Summer vacation is here, and your school-age kid probably has one plan—let their brain spend the next two months unwinding from the patterns of school and learning. And that’s just fine. The break does them good. Like a good night’s sleep, summertime relaxation lets them file away what they’ve learned and internalize the important bits.
But that doesn’t mean all learning has to stop. Far from it. But now, it’s up to you to be the teacher. Just a few ideas:
- Cook with your kids. Kid-friendly recipes encourage precision and following an orderly process. Letting them experiment in baking touches on chemistry and math, especially multiplication and fractions. For a history lesson, find period cookbooks in your local library.
- Get them journalling. You just know that the first day back at school one teacher is going to make everyone stand up and talk about what they did all summer. Encourage your kid to be the one ready to rock that assignment with a notebook full of stories. Print out their own photos to include, and any souvenirs that can be slipped between the pages. A tan summer-selfie, a press-dried flower, and a national parks pass can tell a whole story all on their own.
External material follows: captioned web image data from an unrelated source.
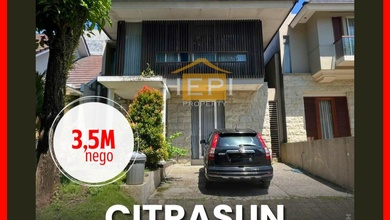 Dijual rumah Mewah di Bukit Sari, Semarang - LT 162m²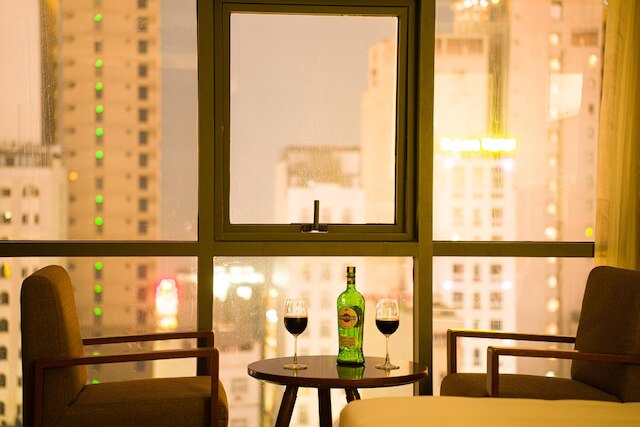 クリスタル ホテル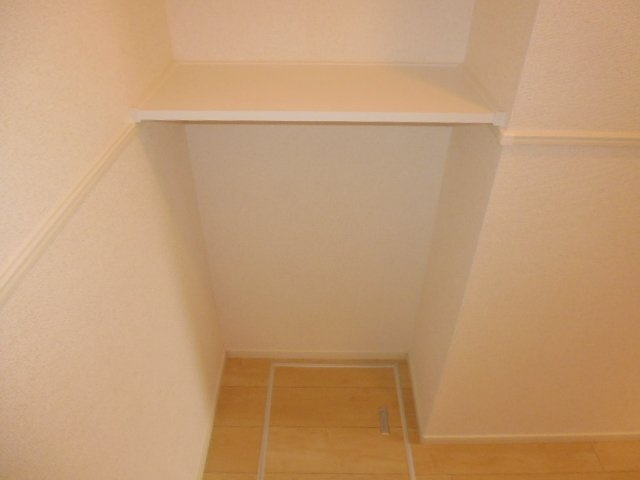 ヴィラ・ジュラクＢの玄関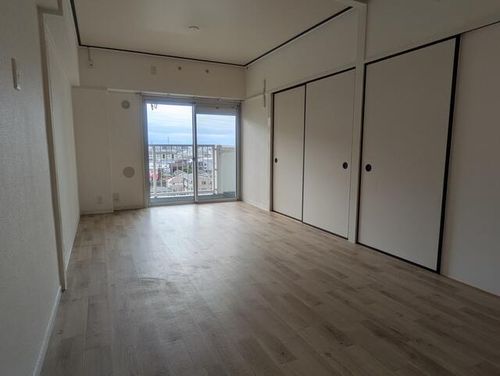 UR玉串西0050808の居間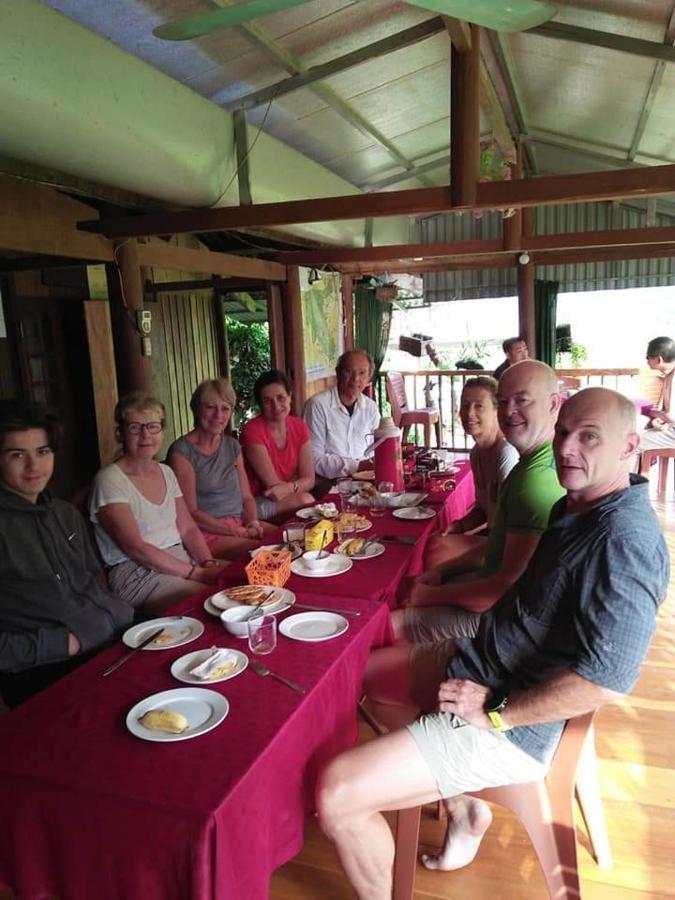 Tran Xuan Homestay Ba Be Village Eksteriør billede
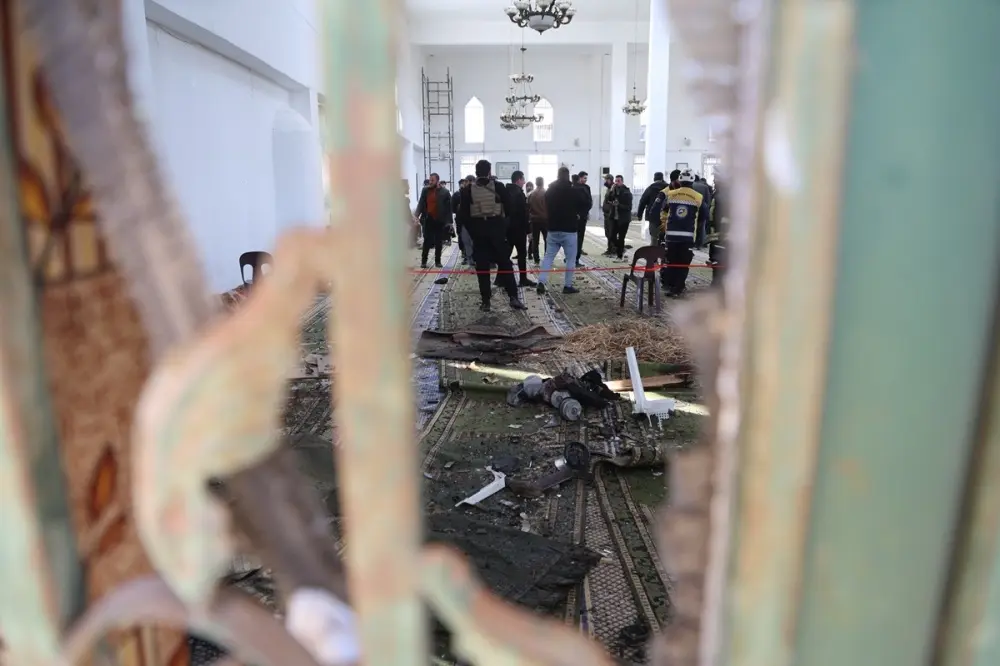 ارتفاع ضحايا الانفجار في مسجد بحمص إلى 8 قتلى و18 جريحاً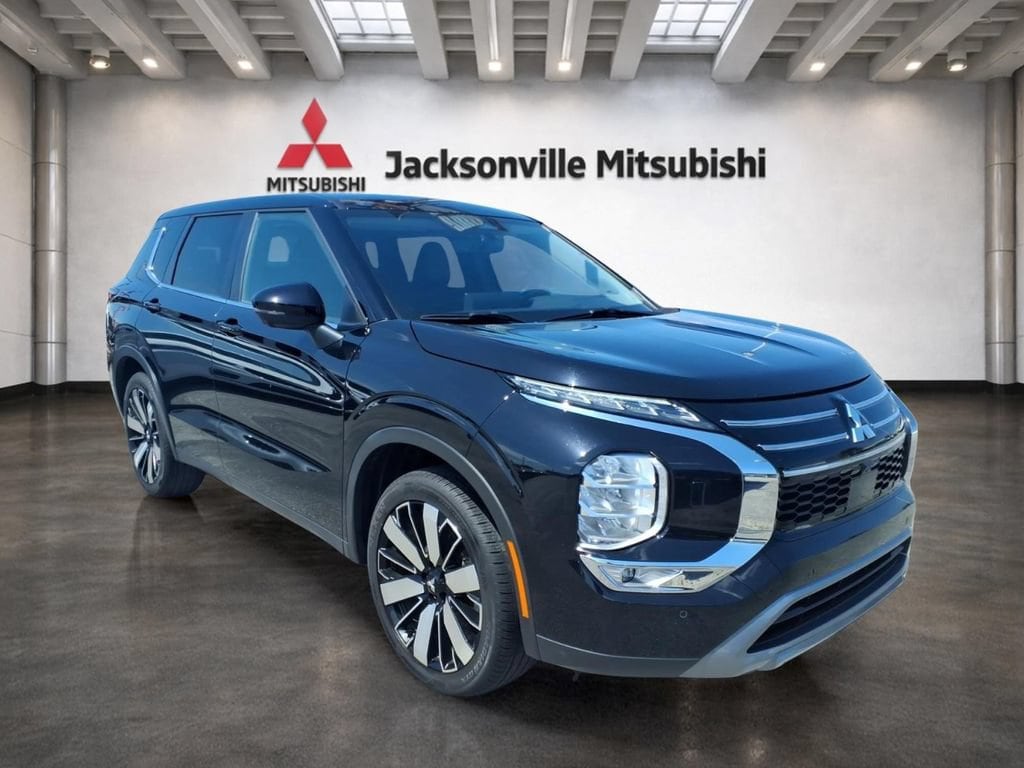 Used 2025 Mitsubishi Outlander SE SUV
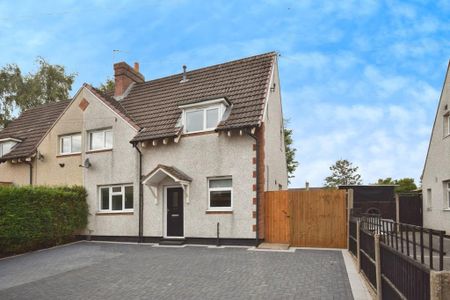 3 bedroom semi-detached house to rent - Photo 4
- Let your child plan a family day. Give them a budget and sit down with them to do the research. Task them with choosing something everyone will enjoy, somewhere to eat, maybe even somewhere to stay, and help them find all the information they need.
- Your local library probably has a summer reading program. Challenge your kid to join in by adding your own prizes, or by informally joining yourself. Keep a chart at home so everyone can see and compare their progress. Tailor the prizes to how popular reading is among your family. If books are always strewn about anyway, the incentive doesn’t have to be big. If reading anything longer than a magazine article is like pulling teeth, make sure your prize will encourage them to push themselves.
Two months is a long time to a young kid (or their parent), but always seems to be over before you know it. With your help, it won’t be long enough to get out of the habit of thinking like a scholar before the new school year puts them back behind a desk.